Directed by Yung Chang
In 1959, Chairman Mao banned Western-style boxing for being too American and too violent. Thirty years later, the ban was lifted. Although symptomatic of China’s ameliorating progress, Canadian director Yung Chang, in his documentary, China Heavyweight, exhibits how the country has yet to purge itself of Mao’s irreparable social and economic legacies.
The film documents the story of two teenagers in rural Sichuan, China, hoping to become the next big thing in international boxing. Coached by the dedicated Qi Moxiang, they try to rise through the amateur level in order to become professional boxers, and to break out of their substandard social-economic situations.

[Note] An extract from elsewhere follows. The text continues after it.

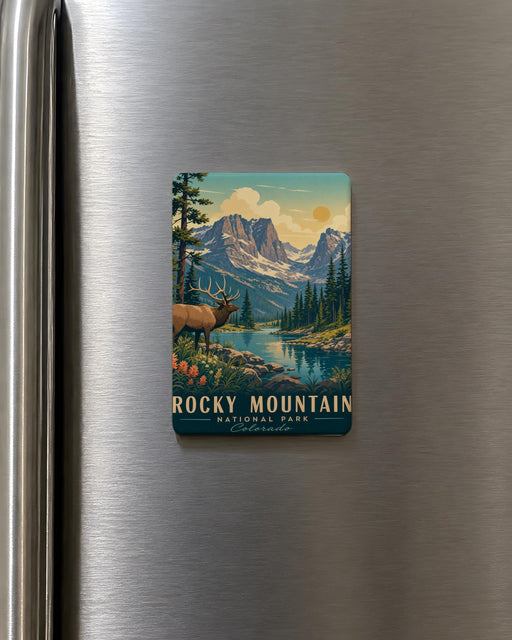Rocky Mountain National Park Fridge Magnet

The best way to describe China Heavyweight is to call it the boxing equivalent of Steve James’ basketball documentary, Hoop Dreams. Rife with dialectical feelings of both desperation and aspiration, Heavyweight is an essential social document on the hardships and lack of opportunity in the industrialized ‘New’ China.
From the outset, we are introduced to Qi Moxiang and his two prodigies, Zongli He and Yunfei Miao. From watching the ‘boxing kings’, like Ali, De La Hoya and Tyson, both fighters are enamored by both the fame and the financial rewards of being a professional athlete.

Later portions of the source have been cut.